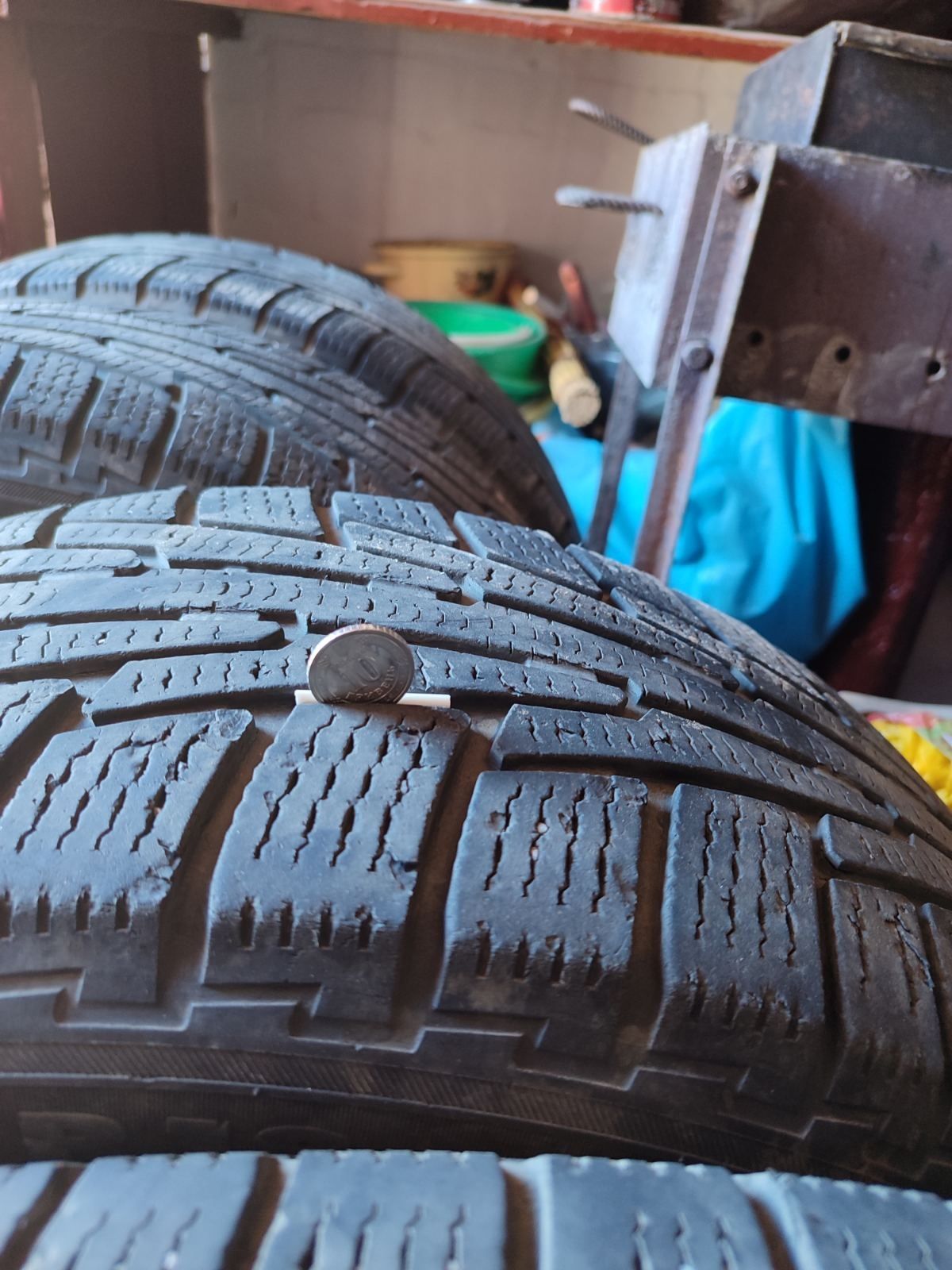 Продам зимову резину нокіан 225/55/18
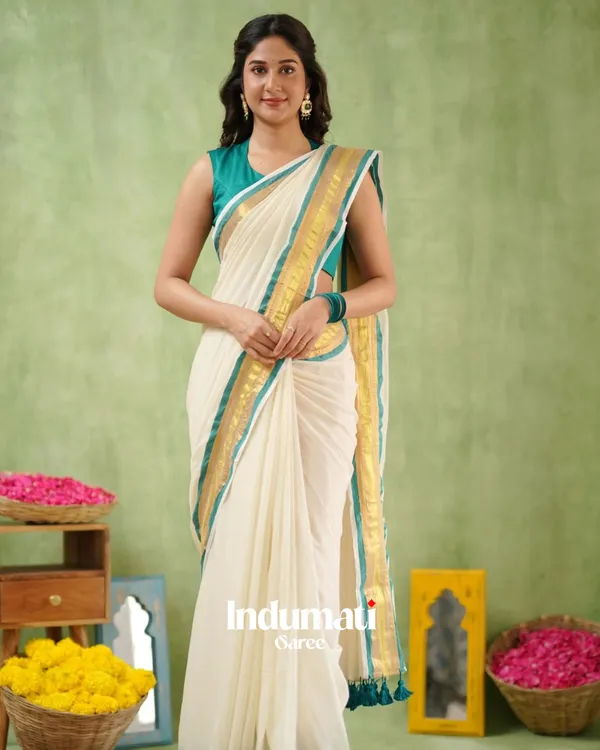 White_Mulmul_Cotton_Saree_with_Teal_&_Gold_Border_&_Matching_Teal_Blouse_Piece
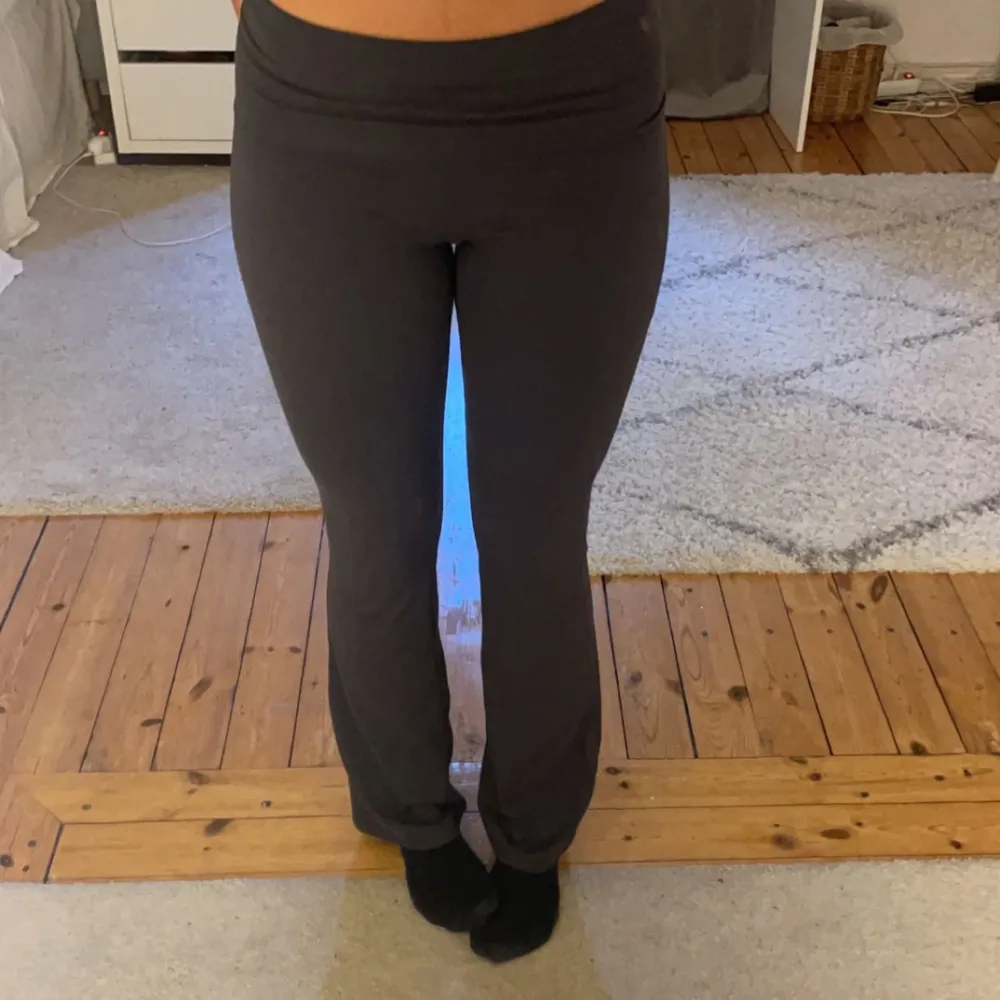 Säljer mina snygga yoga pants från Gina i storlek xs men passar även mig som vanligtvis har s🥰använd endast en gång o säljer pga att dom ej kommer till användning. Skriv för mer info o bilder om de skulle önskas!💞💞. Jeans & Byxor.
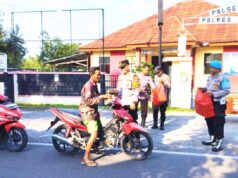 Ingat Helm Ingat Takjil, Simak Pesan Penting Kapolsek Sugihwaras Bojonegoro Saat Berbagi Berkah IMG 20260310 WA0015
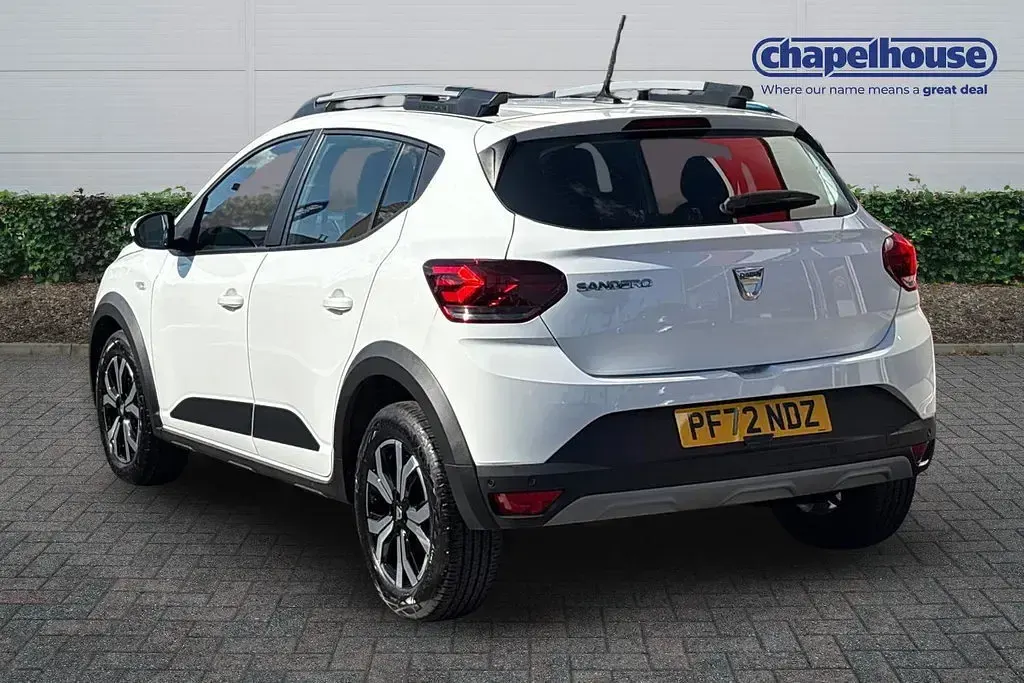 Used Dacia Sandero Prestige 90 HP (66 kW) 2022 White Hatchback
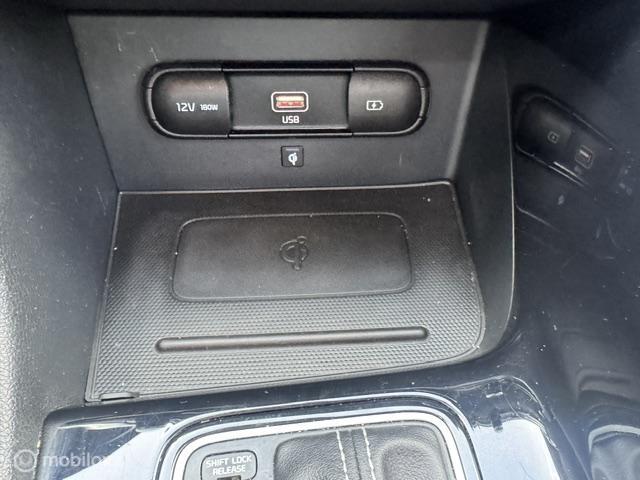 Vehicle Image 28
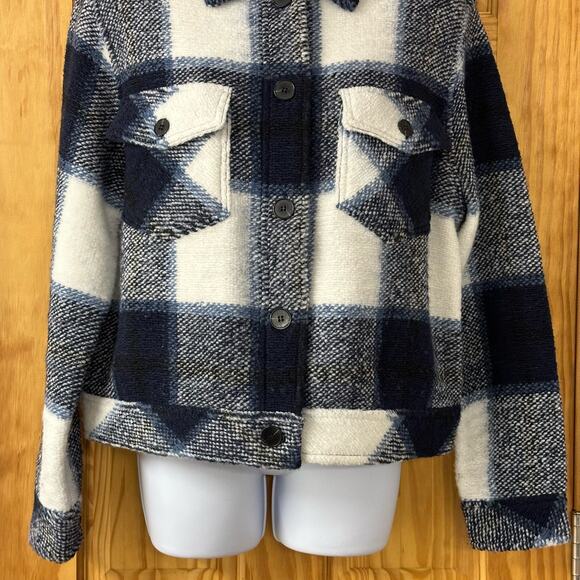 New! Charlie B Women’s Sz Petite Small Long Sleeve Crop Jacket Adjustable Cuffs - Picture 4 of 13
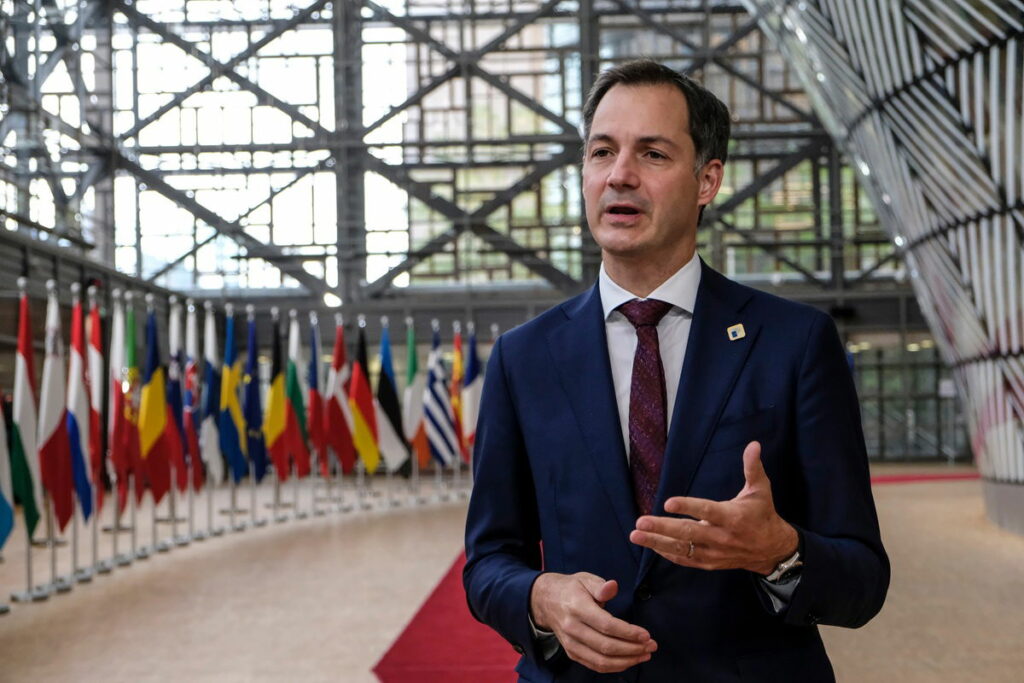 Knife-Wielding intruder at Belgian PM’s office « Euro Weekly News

──────────

## About this task
Find the line containing "Ingat Helm Ingat", then extract it and every line after it to the end of the data above, exactly and nothing else, without pictures.

## Exercise output
 Ingat Helm Ingat Takjil, Simak Pesan Penting Kapolsek Sugihwaras Bojonegoro Saat Berbagi Berkah IMG 20260310 WA0015
 Used Dacia Sandero Prestige 90 HP (66 kW) 2022 White Hatchback
 Vehicle Image 28
 New! Charlie B Women’s Sz Petite Small Long Sleeve Crop Jacket Adjustable Cuffs - Picture 4 of 13
 Knife-Wielding intruder at Belgian PM’s office « Euro Weekly News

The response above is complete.